| Task item |
Span requested from the data below: the line with "2019 TOYOTA HIGHLANDER SE" through the line with "Imagine din timpul", both included. Give only these lines again, exactly, and leave every picture out.

| Data for this task |
= = = = =
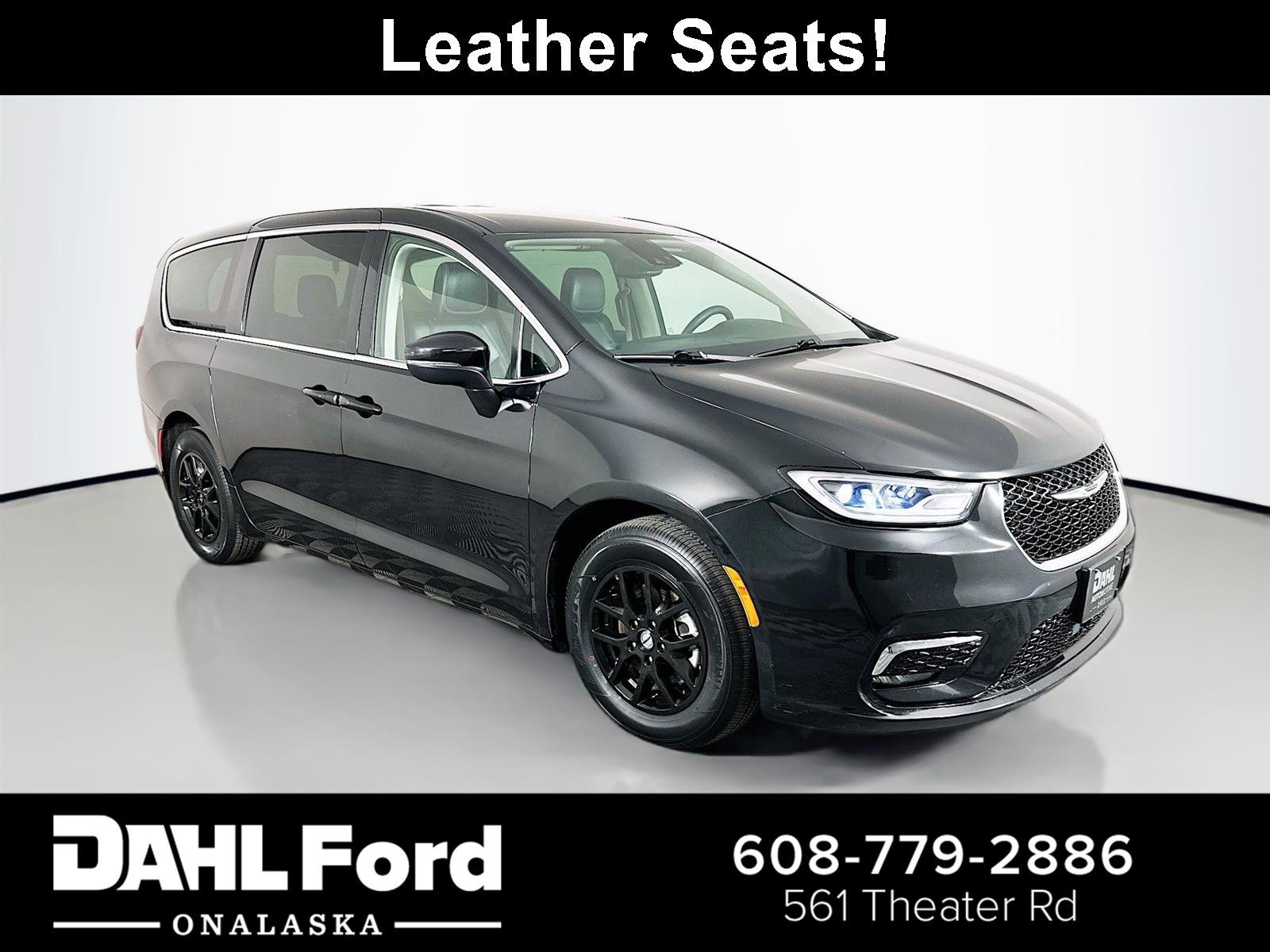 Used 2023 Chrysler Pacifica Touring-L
= = = = =
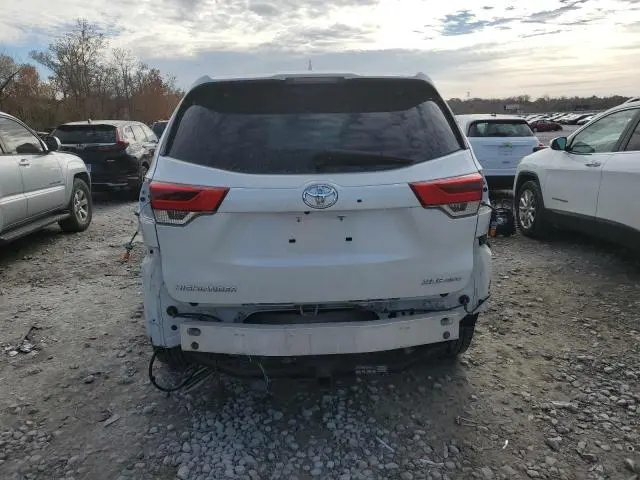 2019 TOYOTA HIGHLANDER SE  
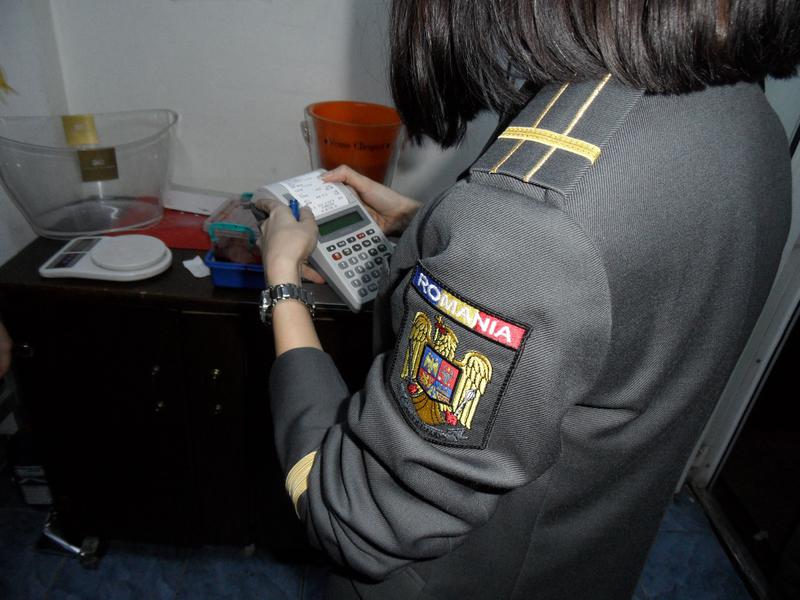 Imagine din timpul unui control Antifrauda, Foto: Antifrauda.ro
= = = = =
| Output below |
 2019 TOYOTA HIGHLANDER SE  
 Imagine din timpul unui control Antifrauda, Foto: Antifrauda.ro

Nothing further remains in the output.